Nem adianta esses técnicos do TCU apresentarem laudos arrasadores,
capazes de impugnar até a compra de um prego; os conselheiros políticos sempre
dão um jeito de salvar o pão deles de cada dia. De outra forma, como seria
possível explicar a construção de uma refinaria que passa de 2 a 20 bilhões de
dólares sem maiores contestações ou surpresas? Como justificar o preço final de
uma outra refinaria que, na verdade, entra como Pilatos no Credo, não tem nada
a ver com a verdadeira operação, que transcorreu muito bem, deu resultados e
constituiu um ótimo negócio para eles?
As novas elites foram extremamente bem sucedidas na neutralização
mental do país, na operação de lobotomia das outras elites, inclusive a
acadêmica, que não vê nada de errado na construção do maior curral eleitoral do
mundo, com quase um terço da população colocada numa condição de assistida, com
recursos extraídos da metade que trabalha e paga impostos.

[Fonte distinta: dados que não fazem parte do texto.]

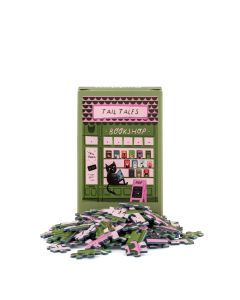 Palapeli Mini Happily - Tall Tales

Atualmente, para
esse tipo de dominação, não se requer nem mesmo alguma doutrina sofisticada,
uma ideologia completa, sequer um peronismo de botequim; nada disso é preciso. Basta
demonizar o neoliberalismo, vilipendiar as privatizações, atacar os inimigos de
classe – as tais das “zelites” – e enganar os incautos com PACs imaginários,
fazer muitas conferências nacionais de inclusão (de qualquer coisa) e fazer
discursos na base do nunca antes.
De fato, pouca gente ficou ao relento: temos uma Argentina inteira
vivendo aqui com cartão magnético, um imenso exército de assistidos oficiais; a
burguesia ficou com a Bolsa-BNDES e os banqueiros continuam vivendo de déficit
público e da dívida que segue junto. E a classe média? Depende: tem uma parte
que paga mais impostos – 4 pontos do PIB a mais para cobrir a conta de todos
esses favores – e tem a tal de nova classe média, que ainda mora na favela, mas
já está em ascensão, ou pelo menos assim dizem, pois comprou uma TV a plasma
(em dez vezes sem juros, obviamente) e tem direito a vaga numa Faculdade
Tabajara, com subsídio público (ou seja, nosso).

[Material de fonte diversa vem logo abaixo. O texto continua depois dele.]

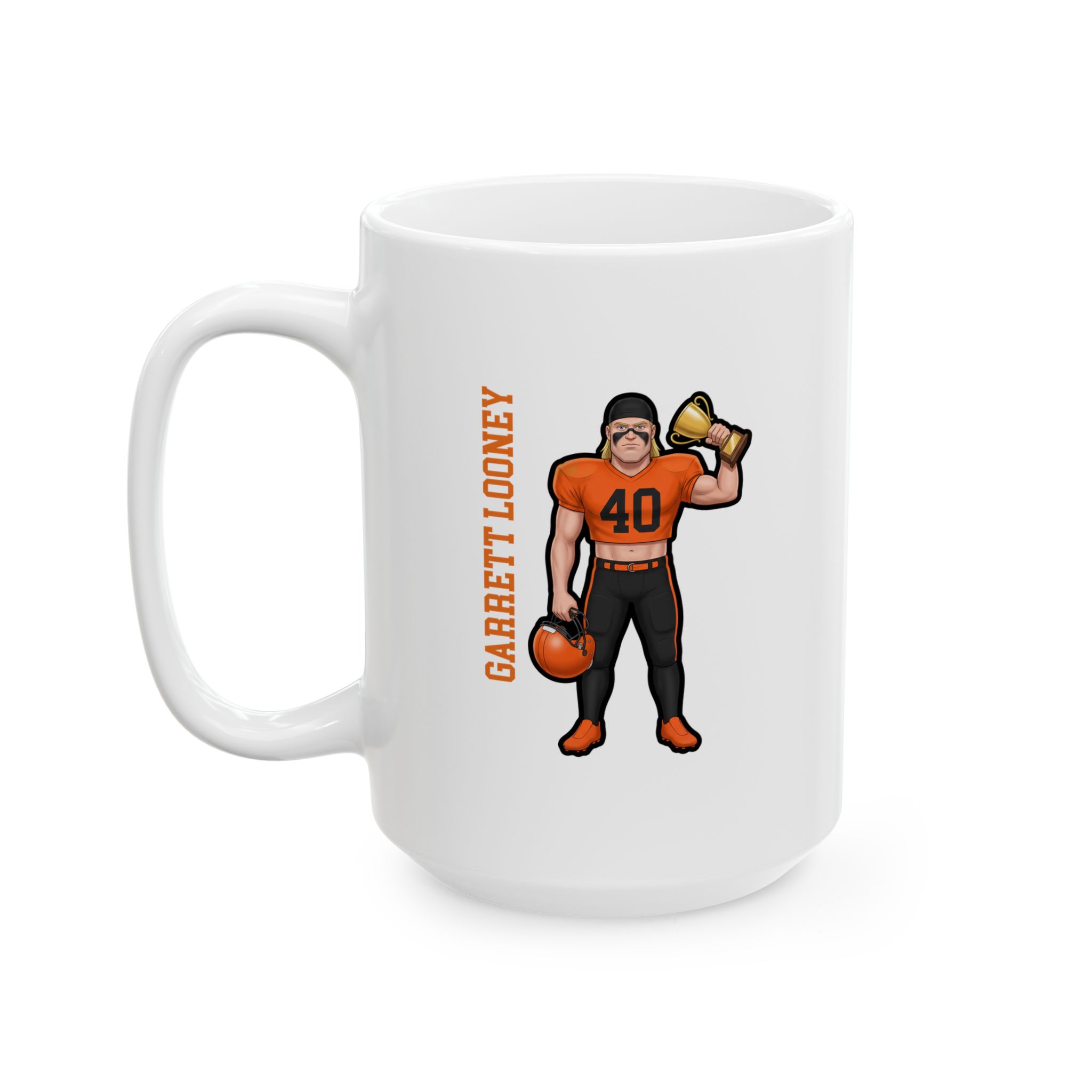 Coffee Mug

As novas elites são realmente espertas: elas estão construindo um
tipo de fascismo corporativo, quase consensual, com a ajuda da burguesia e das
grandes massas encantadas com o discurso do nunca antes. Tenho a impressão de
já ter visto esse filme antes, e de fato já conheço a história, de leituras e
visitas a museus. Ainda recentemente, morando em Paris para dar aulas na
Sorbonne, fomos visitar, Carmen Lícia e eu, o museu dos congressos nazistas em
Nuremberg, um prédio impressionante de concreto, aproveitando parte do altar
cerimonial de onde um outro guia genial do povo arengava as massas, que
carregava tochas e bandeiras. No interior do museu, se pode assistir a
documentários da época, filmagens de ocasião: aquilo me relembrou o nunca
antes, o mesmo discurso inflamado, as mesmas invectivas contra as “zelites”,
contra os inimigos do povo, os exploradores estrangeiros, enfim, todas essas
coisas que vocês conhecem bem. Nunca antes eu tinha saído de um museu com
tamanha sensação de desconforto, nem mesmo após visitar Auschwitz, ou ao deixar
o Museu do Holocausto.
Nunca antes mesmo: pode-se imaginar que os companheiros, se
pudessem, praticariam o mesmo stalinismo industrial que eles tanto admiravam
nos militares, e tentariam construir o mesmo fascismo corporativo que deixou
tão amargas lembranças em outros povos. Claro, já não é mais preciso ir à
guerra por qualquer espaço vital; este já foi conquistado. O Estado já é deles:
a partir do ogro famélico, eles disseminam o mais possível esse gramcismo
tupiniquim em todos os níveis de ensino, do jardim de infância ao pós-doc, com apoio
naquela pedagogia idiota que as saúvas freireanas instaladas no MEC apresentam
sob a forma de diretrizes das educação nacional.